Baseball sabermetrics has really always been about fairly large datasets. A single batter's hitting line often reaches 700 plate appearances in the course of a season. There are over 1000 players who have donned a cap in major league baseball this year, with thousands more in the minor leagues.
One of this week's topics in +Andy Andres ' Sabermetrics 101x course this week is Big Data, with the capital B and D. There are a number of good points made in his introduction, but one of the most important is that big data does not always mean better data. Big data can be fraught with bias (lack of controls, systematic bias in data collection), a problem that Colin Wyers has long railed against with our favorite defensive metrics. Big data can also lead to false conclusions because statistical approaches no longer work well. When your sample size gets into the thousands, P-values below 0.05 get easy to reach, even when there is no actual meaning to the difference found.
This spring, MLBAM announced a new stream of data with its new player tracking system. This system, which is already in operation in a few parks this year, will track virtually everything on the baseball field: player position, ball trajectories from the pitchers' hand and from the bat into the field. It is essentially a replacement of the pitchf/x, hitf/x, and fieldf/x system we've been using (or, in the latter two cases, at least hearing about).
It's incredibly exciting to hear that this will be used. The question will be how much of these data will be available to the fan community at large. We probably don't need to be able to download all 7 TB of data. But hopefully, we'll get something. My wish list:
- Everything we currently have with the pitchf/x system for tracking pitches.
- The equivalent of pitchf/x, but for batted balls. Therefore, we'd get vertical trajectory, vector the ball was hit, velocity, spin, and landing location/hang time.
- For fielding, ball landing location alone would be a great step forward. It could be fed directly into our UZR-like algorithms, and immediately improve them by removing systematic bias in our hit location data. Initial player position could also be really useful, if nothing else than to help distinguish shifts when they happen.
Some of the other measures they show in the videos, like acceleration, reaction time, and maximum speed, could be interesting, and it would be great if they were released along with the stuff above.
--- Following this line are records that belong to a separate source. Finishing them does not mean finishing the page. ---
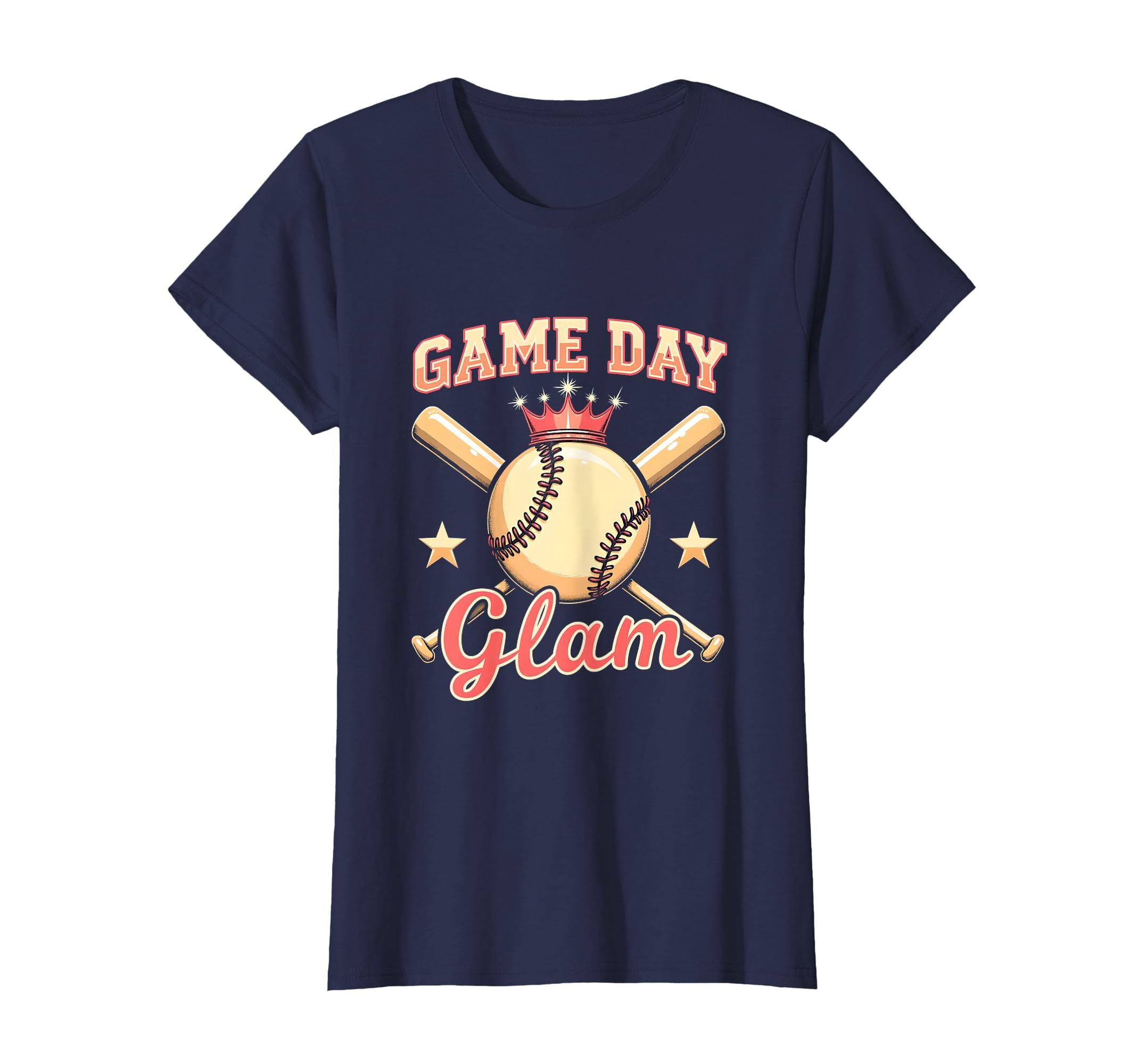 Game Day Glam Softball Mom T-Shirt - Novelty Apparel for Adults - T-Shirt, Sweatshirt, Hoodie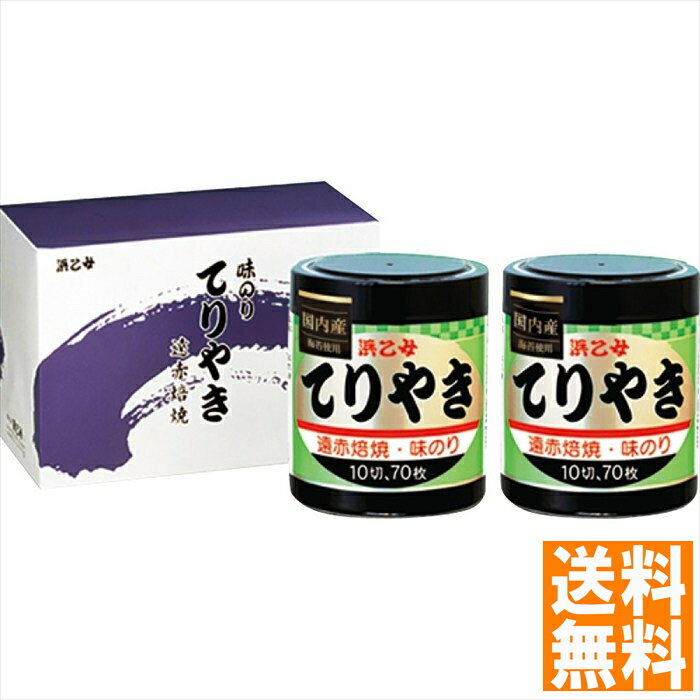 送料無料 浜乙女 遠赤焙焼 味のりてりやき てりやき2本詰N 全国送料無料 御中元ギフト 早割 お中元2025 御見舞 お見舞い お取り寄せ グルメスイーツ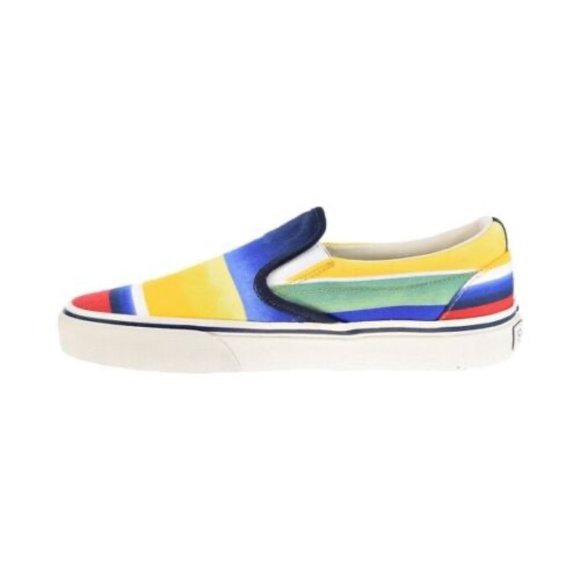 NEW Mens Polo Ralph Lauren Keaton Slip On Sneaker OMBRE Shoes multi colored NIB - Picture 5 of 6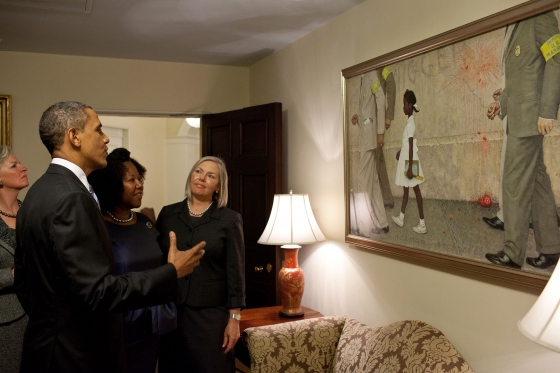President Obama with Civil Rights Icon Ruby Bridges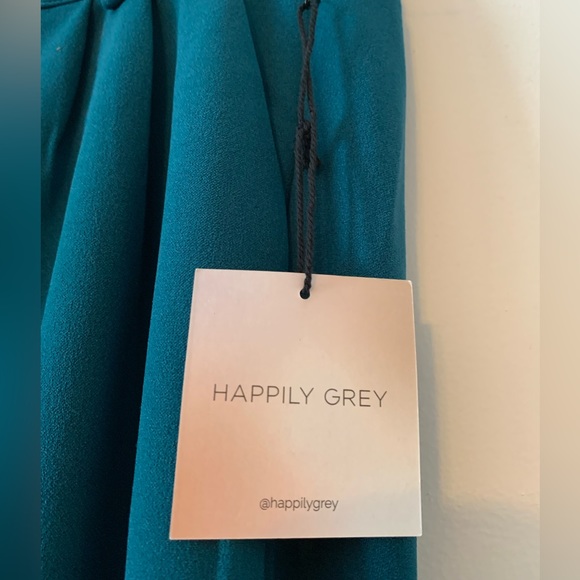 Happily Grey Women's Wide Leg Dress Trouser Pants - Turquoise size 9 - Picture 2 of 14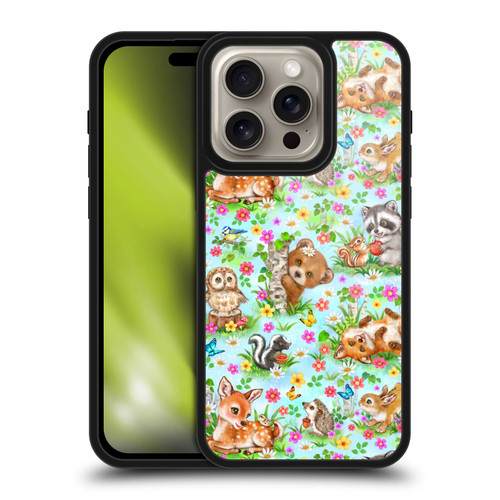 Kayomi Harai Magical Fantasy Woodland Spring Pattern Gel Armour Case For Apple iPhone 16 Pro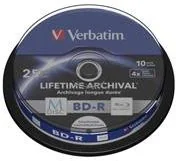 Nośniki danych - Verbatim BluRay M-DISC BD-R 25 GB x4 10 szt. Inkjet Printable - miniaturka - grafika 1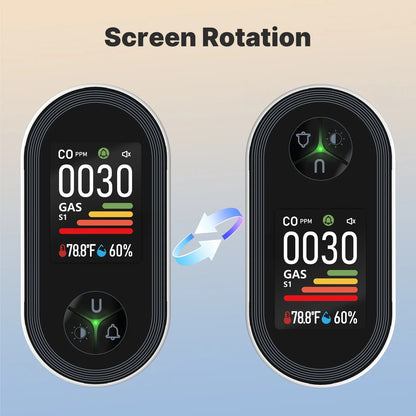 All-in-One Home Safety Alarm – CO, Gas, Temp & Humidity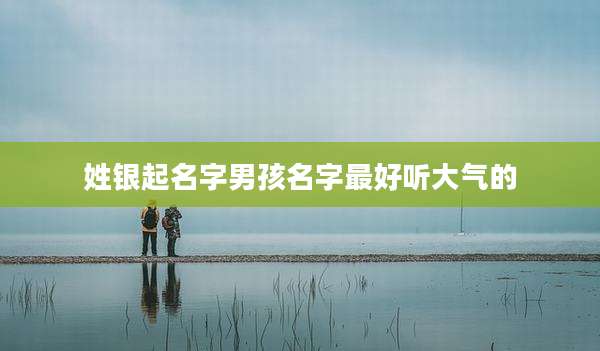 姓银起名字男孩名字最好听大气的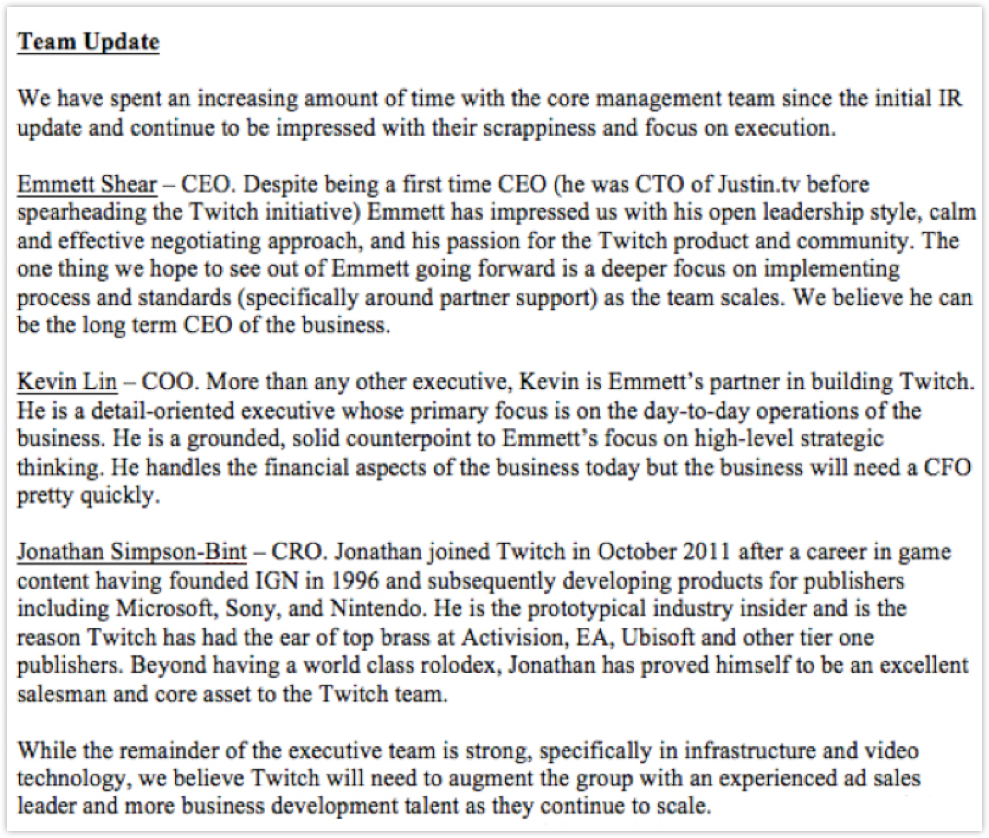 A Look At The Internal Memos Of Twitch And Periscope | by Ethan Kurzweil | Bessemer  Venture Partners | Medium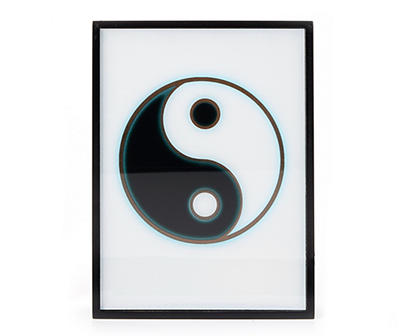 Euphoric Expression Yin & Yang Framed LED Plaque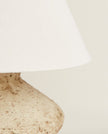 Irregular Shaped Earthenware Table Lamp (Medium)
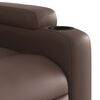 vidaXL Sill&oacute;n reclinable elevable cuero sint&eacute;tico marr&oacute;n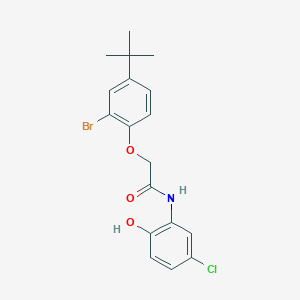 molecular formula C18H19BrClNO3 B3520695 2-(2-bromo-4-tert-butylphenoxy)-N-(5-chloro-2-hydroxyphenyl)acetamide 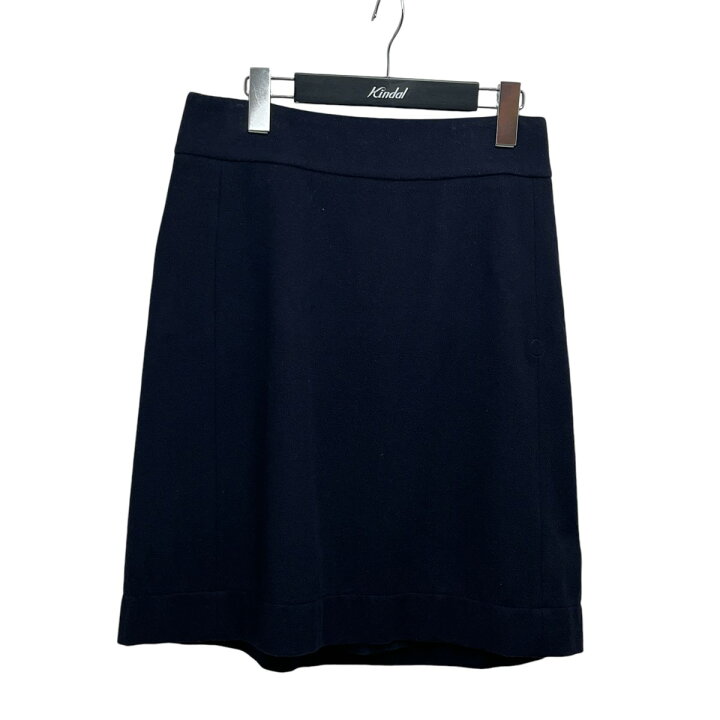 楽天市場】【中古】MIU MIU ウールカシミヤスカート ネイビー サイズ 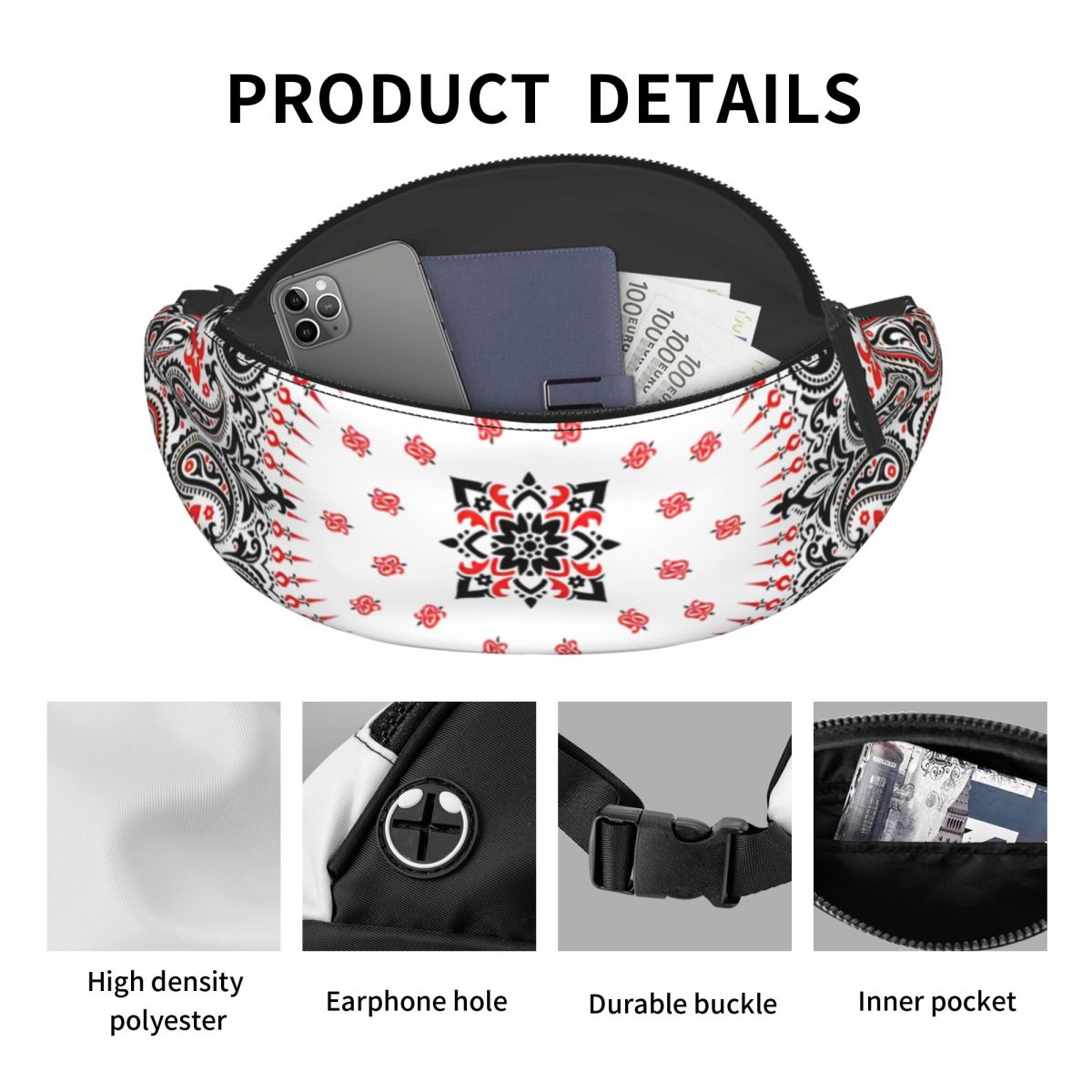 Riñonera Personalizada con Dis - Ethnic Fashion Men reseña y precio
But I'm also not sure, for the time being, that I'll be all that interested in them. With what is described above, we'd have a wealth of useful analytical information at our hands. From the perspective of valuing players, which is often my main interest, it really doesn't matter if a player gets from point A to point B because they get a great jump, because they have great route efficiency, or because they're fast. What matters is that they get there.
Of course, if I'm a team, I care a lot more about the minutia. It might be that maximum speed can't be taught. But reaction speed might be able to be taught, and route efficiency almost certainly can be (right?). But personally, I'm most interested in just evaluating player value.
The concern, of course, is how much of the data will actually be available to us. I'm frankly a bit scared about this. Potentially, MLBAM could be really stingy with these data, and we might end up with LESS information than we have now through pitchf/x. I'm hopeful that this won't happen, however, and I've no doubt that folks like +David Appelman at +FanGraphs will be doing his best to have access to, or perhaps even license, some of the critical info that we as a community want.
Once the data ARE available, the question will be how well the community makes use of them. I have no doubt that we'll see a lot of spurious conclusions in the early goings. Fortunately, the sabermetric community is pretty good at policing itself, and correcting its past mistakes. We have a lot of bright minds in this community, and hopefully, within a few years, we'll have a good grasp of what these data can and cannot do.